__Work instruction__: Leaving the pictures aside, write out the whole listing below exactly.

__Information provided__:
=== Section Start ===

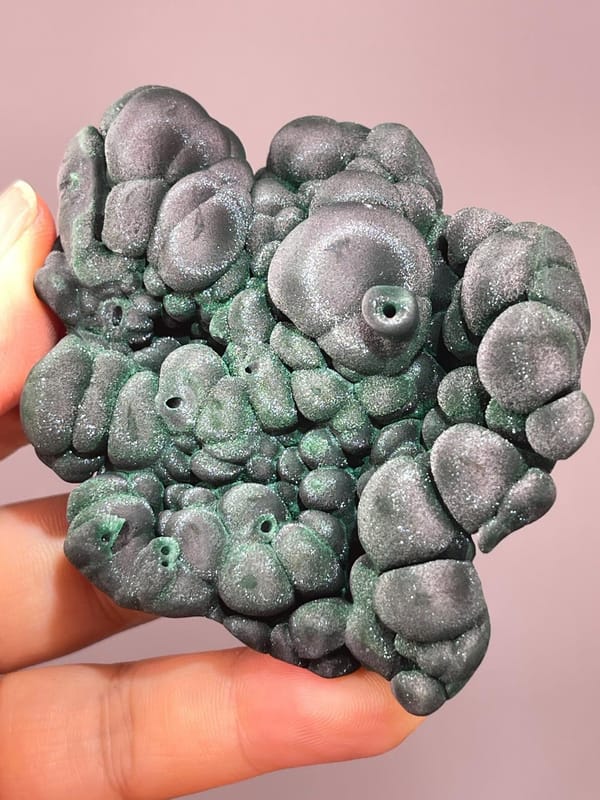 Silky botryoidal malachite from Yangchun mining district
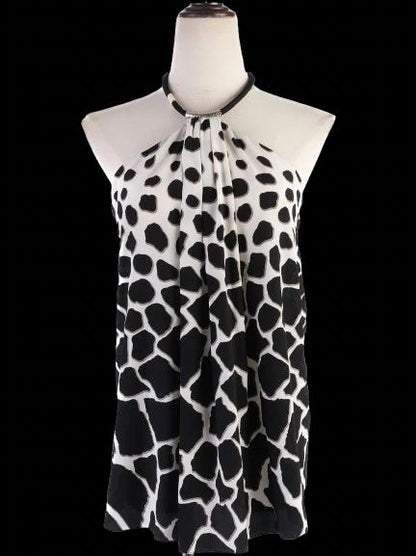 Roberto Cavalli Excellent Condition Silk Animal Print Halter Top Size S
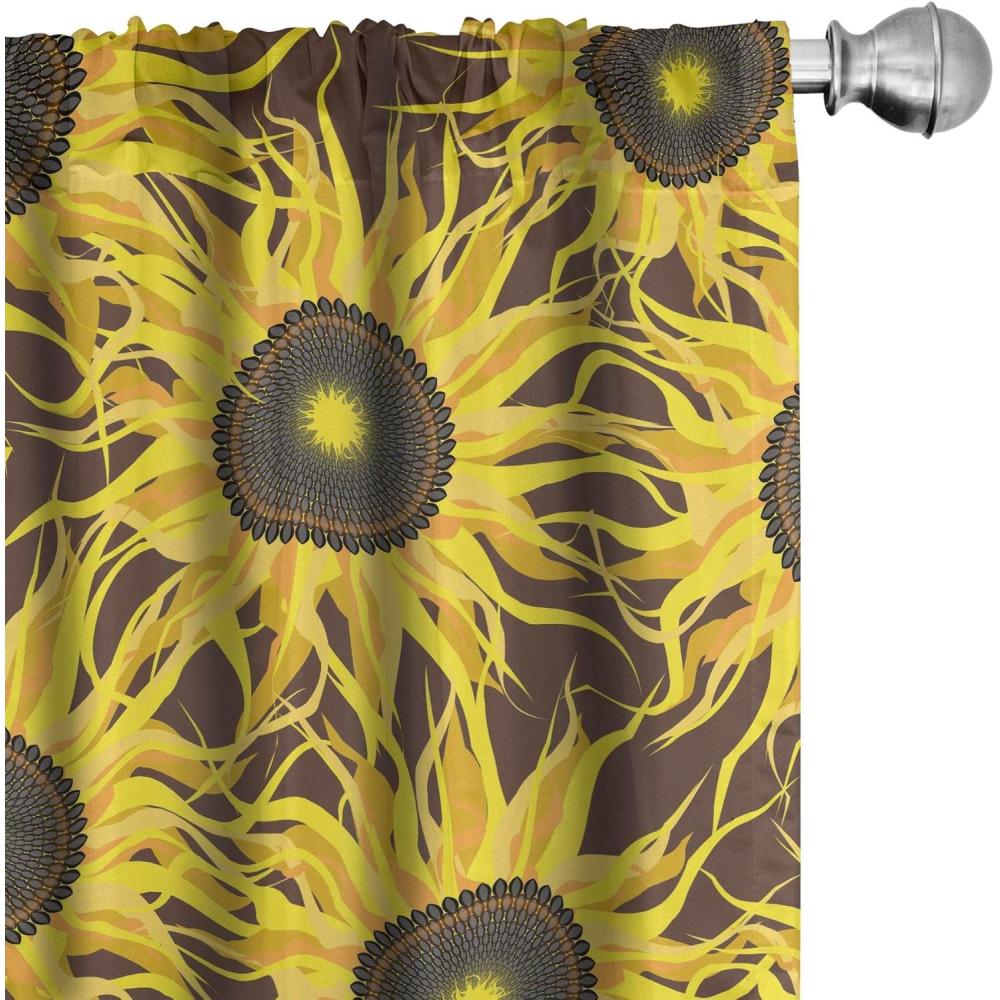 imageAmbesonne Boho Moth Curtains Mystic Feel Wild Nature Wingy Animals with Trippy Colors Print Neutral Window Treatments 2 Panel Set for Living Room Bedroom Pair of 28 x 84 Plum Purple Sea BlueEarth Yellow and Pale Orange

=== Section End ===

__Solution for this task__:
 Silky botryoidal malachite from Yangchun mining district
 Roberto Cavalli Excellent Condition Silk Animal Print Halter Top Size S
 imageAmbesonne Boho Moth Curtains Mystic Feel Wild Nature Wingy Animals with Trippy Colors Print Neutral Window Treatments 2 Panel Set for Living Room Bedroom Pair of 28 x 84 Plum Purple Sea BlueEarth Yellow and Pale Orange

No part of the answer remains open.